[RECORD SET — start]
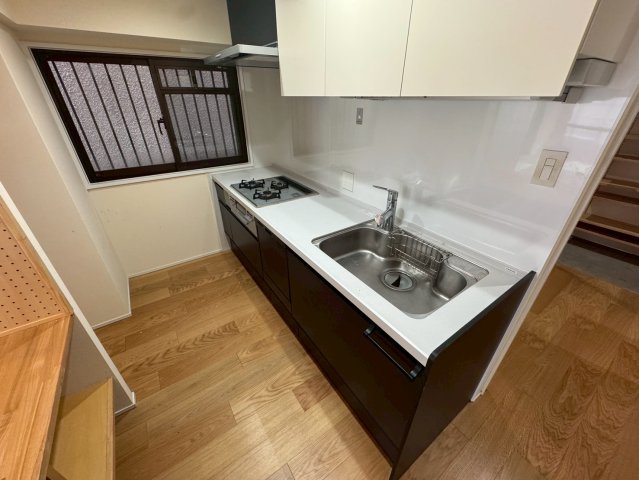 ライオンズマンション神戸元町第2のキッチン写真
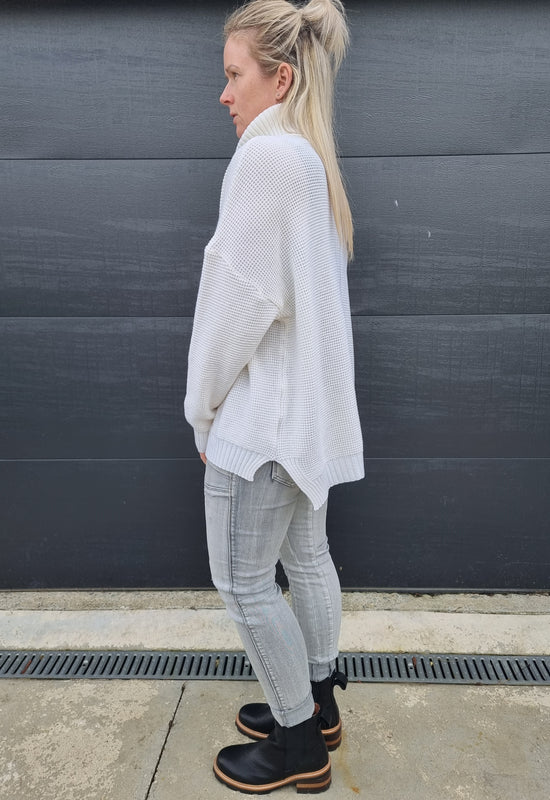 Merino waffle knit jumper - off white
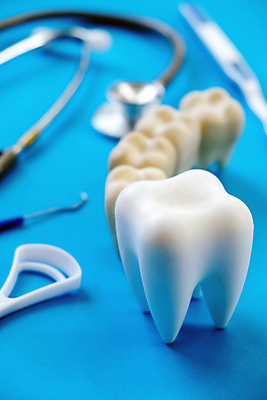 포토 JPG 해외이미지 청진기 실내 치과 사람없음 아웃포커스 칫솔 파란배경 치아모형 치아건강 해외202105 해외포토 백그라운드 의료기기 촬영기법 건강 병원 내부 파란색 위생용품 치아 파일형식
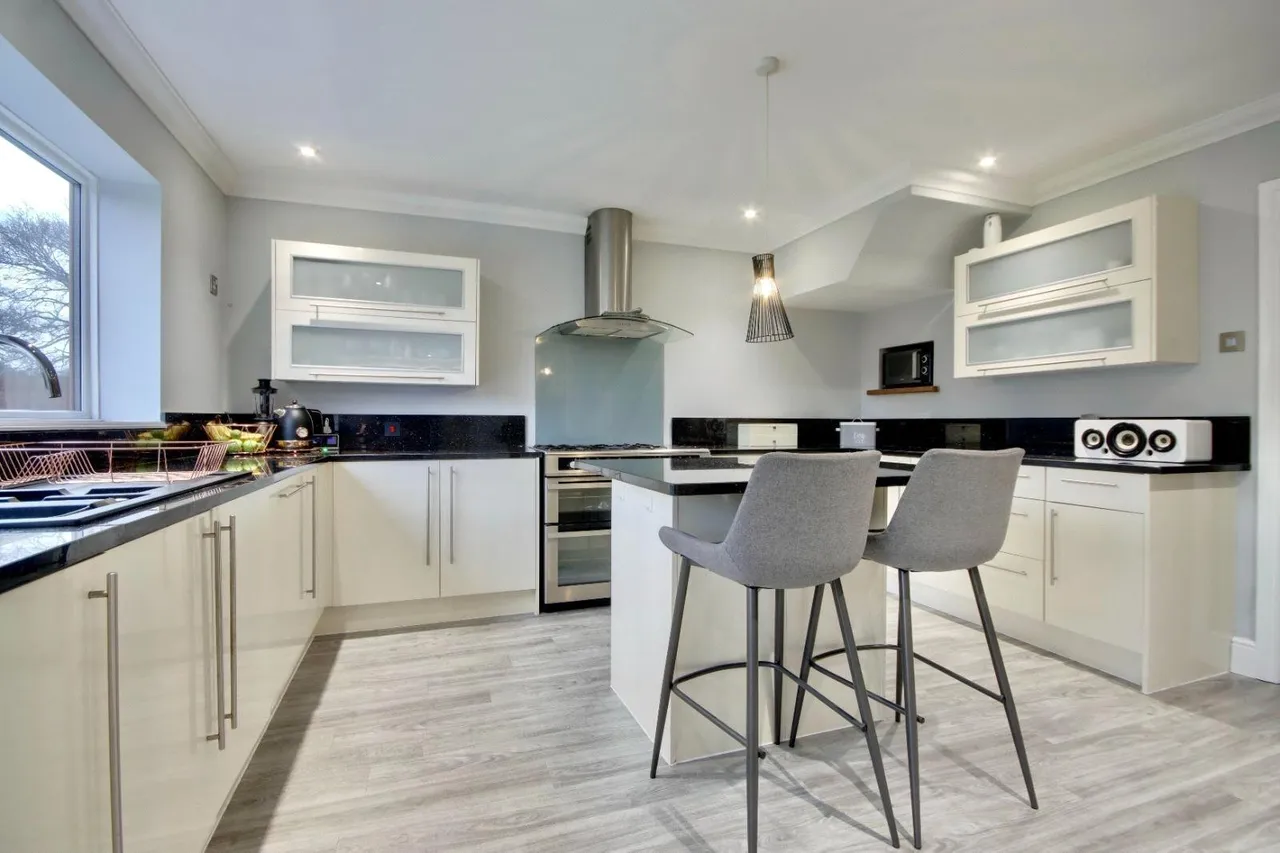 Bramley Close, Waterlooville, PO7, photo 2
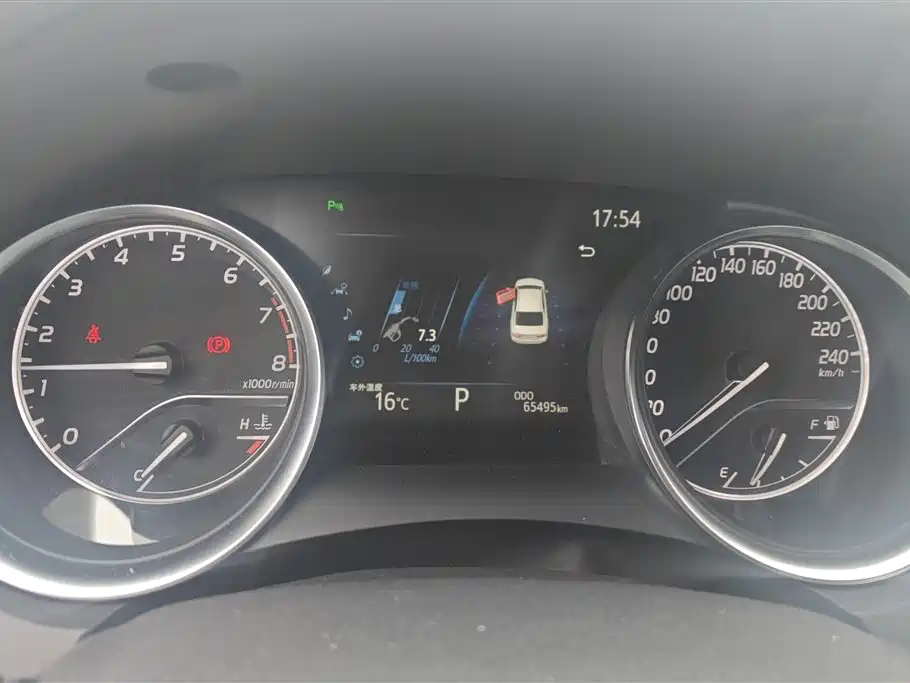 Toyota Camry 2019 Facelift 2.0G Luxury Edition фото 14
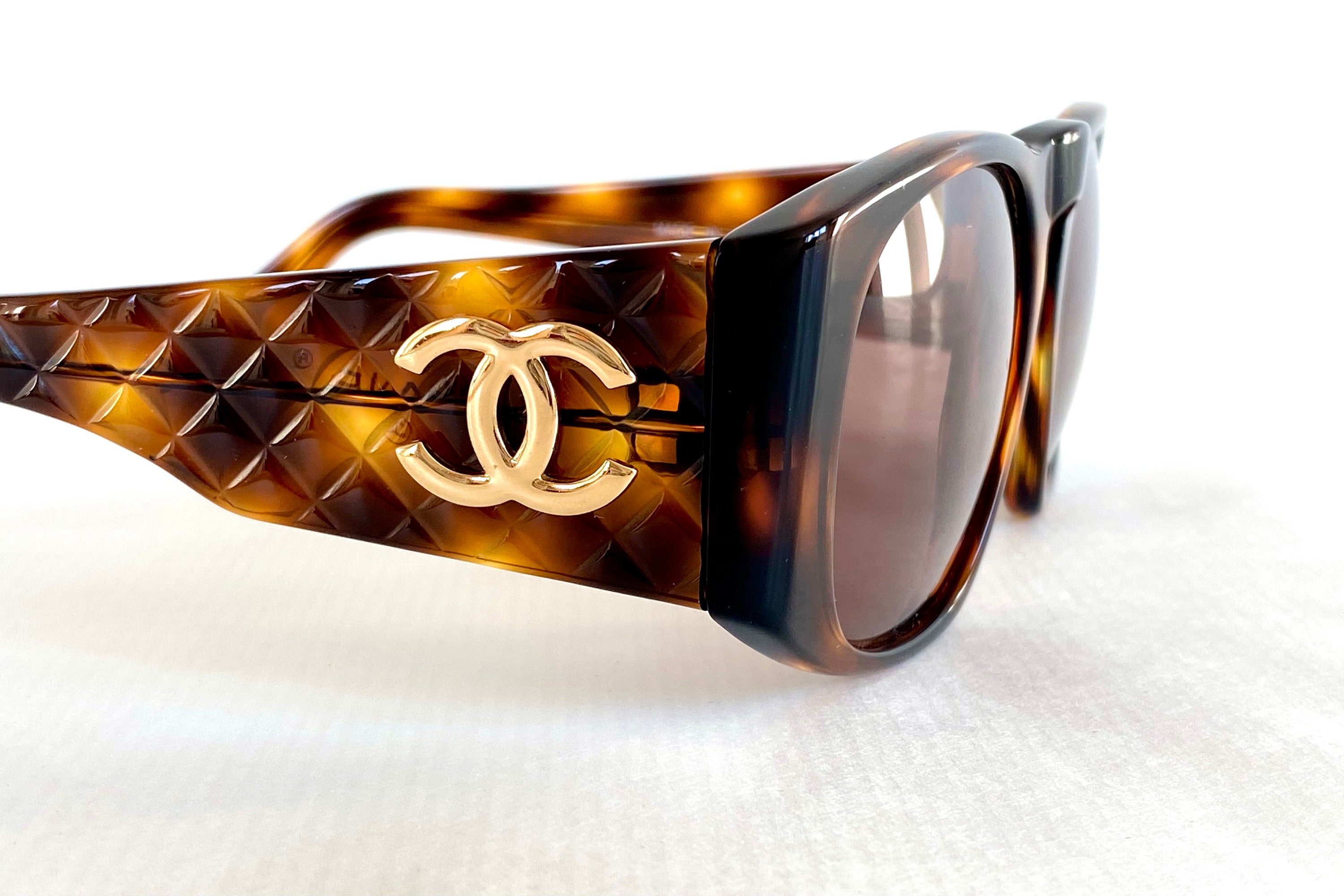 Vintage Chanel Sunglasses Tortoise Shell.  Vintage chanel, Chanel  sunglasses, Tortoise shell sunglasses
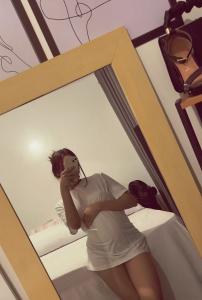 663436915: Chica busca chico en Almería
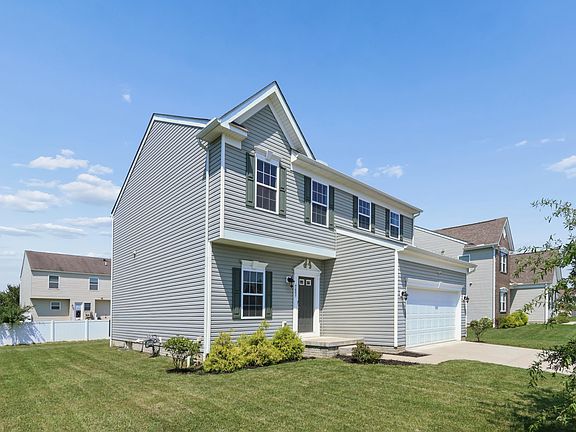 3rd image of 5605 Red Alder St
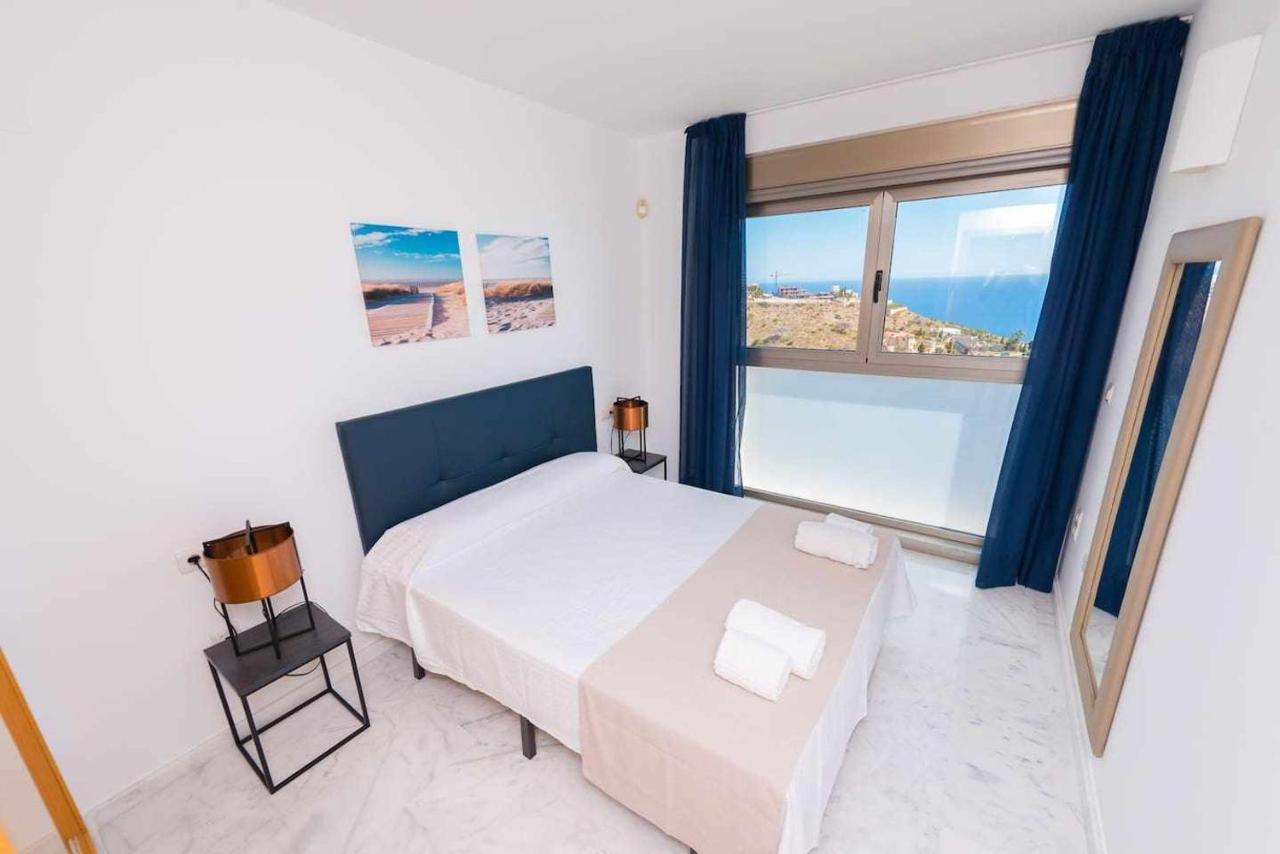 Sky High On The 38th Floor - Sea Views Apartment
[RECORD SET — finish]
● **ASSIGNED TASK**:
Output every entry above verbatim, but leave out the pictures.

● **EXERCISE ANSWER**:
 ライオンズマンション神戸元町第2のキッチン写真
 Merino waffle knit jumper - off white
 포토 JPG 해외이미지 청진기 실내 치과 사람없음 아웃포커스 칫솔 파란배경 치아모형 치아건강 해외202105 해외포토 백그라운드 의료기기 촬영기법 건강 병원 내부 파란색 위생용품 치아 파일형식
 Bramley Close, Waterlooville, PO7, photo 2
 Toyota Camry 2019 Facelift 2.0G Luxury Edition фото 14
 Vintage Chanel Sunglasses Tortoise Shell.  Vintage chanel, Chanel  sunglasses, Tortoise shell sunglasses
 663436915: Chica busca chico en Almería
 3rd image of 5605 Red Alder St
 Sky High On The 38th Floor - Sea Views Apartment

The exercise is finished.